Rutgers University
NEW BRUNSWICK FACULTY COUNCIL

FIRST RESOLUTION

ON THE REPORT OF THE TASK FORCE ON UNDERGRADUATE EDUCATION


Unanimously adopted, as amended, by the NBFC
October 28, 2005

The New Brunswick Faculty Council supports a large majority of the recommendations of the Report of the Task Force on Undergraduate Education. The Task Force report gives a thorough analysis of many of the strengths and weaknesses of the undergraduate educational and administrative structure, services and programs on the New Brunswick/Piscataway Campus at Rutgers, and proposes many important changes and improvements. Specifically, we support or propose the following:

1. We strongly support the creation of a single Rutgers School or College of Arts and Sciences, as proposed in the Task Force on Undergraduate Education Report. We also agree that the available majors and minors for arts & sciences students should be the same at all of the residential colleges (or campuses).

The college fellows system has failed to attract all but a few dedicated volunteers, and the remaining faculty in those disciplines that offer majors through the liberal arts colleges (Douglass, Livingston, Rutgers, and University Colleges) have no responsibility and, unless they volunteer to become college fellows, no opportunity to participate in the normal faculty responsibilities of setting academic standards, admissions policies, scholastic standing requirements, and graduation requirements in those colleges.
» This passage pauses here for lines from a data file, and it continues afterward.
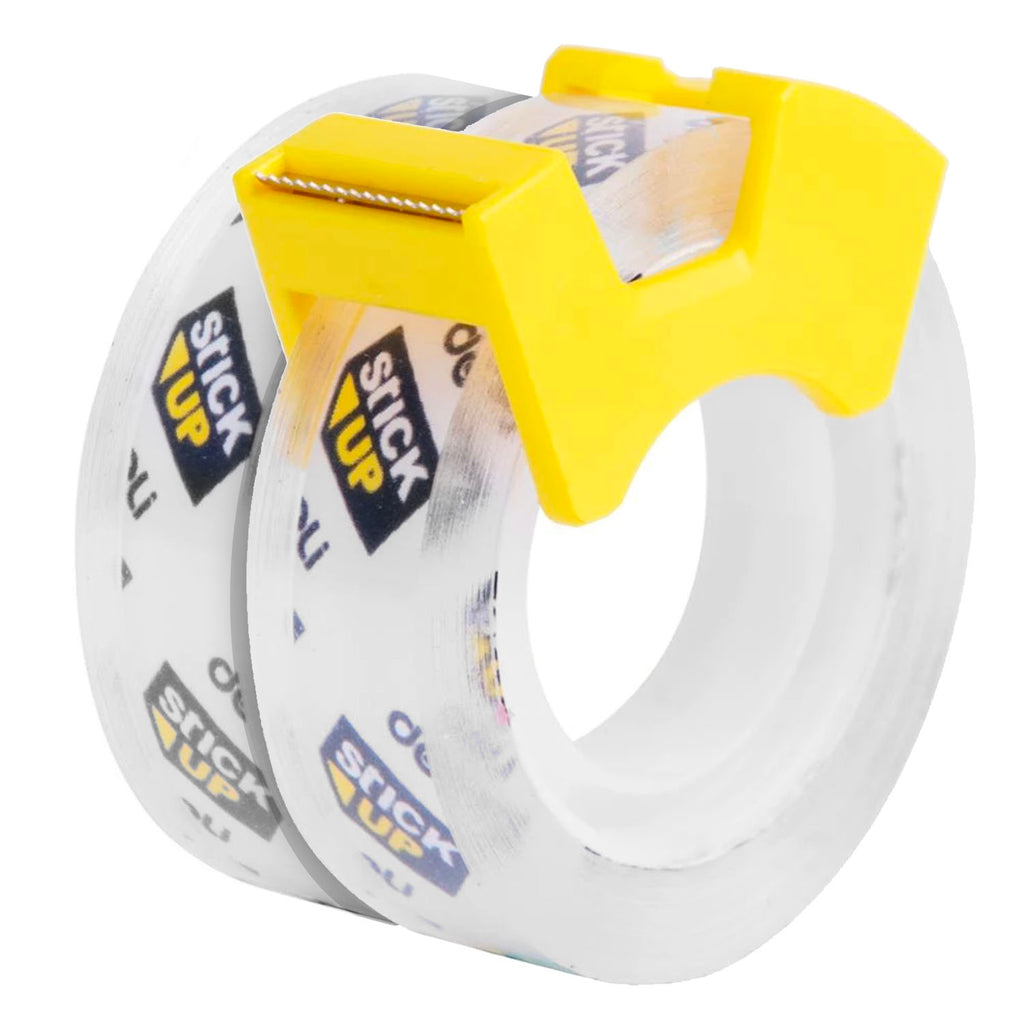 Cello Tape, 2 Rolls (12mm x 18.3m) - Asters Maldives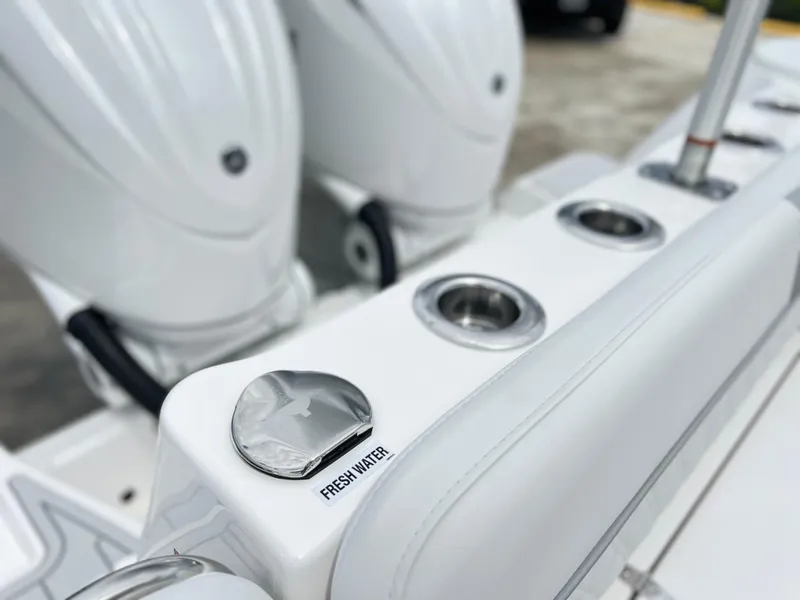 Slide: The Image of Sea Fox 288 Traveler 2025 - 61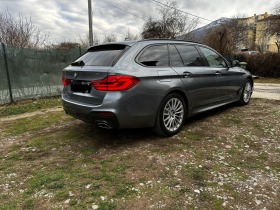 BMW 520 M Package+Head up+Distronic+Bowers&Wilkins | Mobile.bg   4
Also, the individual graduation and other academic requirements vary from college to college sufficiently so that most faculty seem to have given up trying to understand the resulting complicated system well enough to participate in advising of undergraduate students, or even to become aware of undergraduate academic issues on the campus.

2. We support common admission standards for all traditional-age arts and sciences applicants, appropriately modified for transfer, EOF, and non-traditional students.

The standards for separate admissions to Cook, Douglass, Livingston, Rutgers, and University Colleges have, over the years, gotten seriously out of balance, which the faculty view as damaging, unstable, and misrepresentative since the same faculty teach the students in all of these colleges.

3. We strongly support the proposal that there be a single, coordinated set of academic and student-life policies, guidelines, and implementations across the New Brunswick/Piscataway Campus.

The confusion and red tape in and among the various colleges due to different policies, guidelines, and requirements for such issues as the formation of student clubs and organizations, use of student centers and recreational facilities, allocation of student fees, reservation of facilities for events, job descriptions and pay scales for student-life staff, implementation of academic integrity policies, and general academic advising are destructive and a substantial part of what has become known as the "Rutgers Screw."

4. We support the formation of a single honors program for all colleges and schools on the New Brunswick/Piscataway Campus, with appropriate variation in requirements to meet the needs of the various professional schools as well as of the School or College of Arts and Sciences. We also support the recommendation that honors communities should continue to exist in the various communities to provide the local advising, mentoring, and co-curricular activities that students value so highly in our current college honors programs.

Having totally separate honors programs in the various colleges and schools has been confusing and certainly not optimized for attracting the very best students to the Campus.

5. We propose the continuation and enhancement of the role of the residential colleges (or campuses) [Busch, Cook, Douglass, Livingston, Queens, and University], their deans, and decanal staffs in providing local programs and services such as local delivery of pre-major academic advising, co-curricular activities, academic learning communities, student-life programming, and inter-college (or inter-campus) intramural sports, under the direction and coordination of the Executive Dean of Arts and Sciences, the Vice President for Undergraduate Education, and the Vice President for Student Affairs.

The undergraduate colleges on the New Brunswick/ Piscataway Campus do offer and have historically offered many advantages for undergraduate students in this large, comprehensive, and complex research university. Once here, undergraduate students, at least in the smaller residential colleges, generally seem to identify with and find a home at their respective colleges. The colleges provide many opportunities for small coherent groups, leadership positions, and personalized attention from staff members that enhance the quality of the educational experience. A critical issue is the provision of appropriate budgets for carrying out these programs, a portion of which now come from such areas as gifts and donations and revenues generated in the student centers.

6. We propose a substantial increase in the numbers of full-time tenure-track faculty and of TAs, a corresponding decrease in the number of large lecture classes, and the provision of meaningful incentives for faculty to become more involved with undergraduate teaching, advising, curricular development, both within and outside their disciplines, research projects, and co-curricular activities outside the classroom.

While the Task Force Report recognized many barriers to faculty participation in undergraduate education, it failed to recognize sufficiently the need for more full-time faculty and TAs, the over-dependence on coads and contingent faculty, the need for smaller classes, and the need for incentives to get faculty more involved in undergraduate education.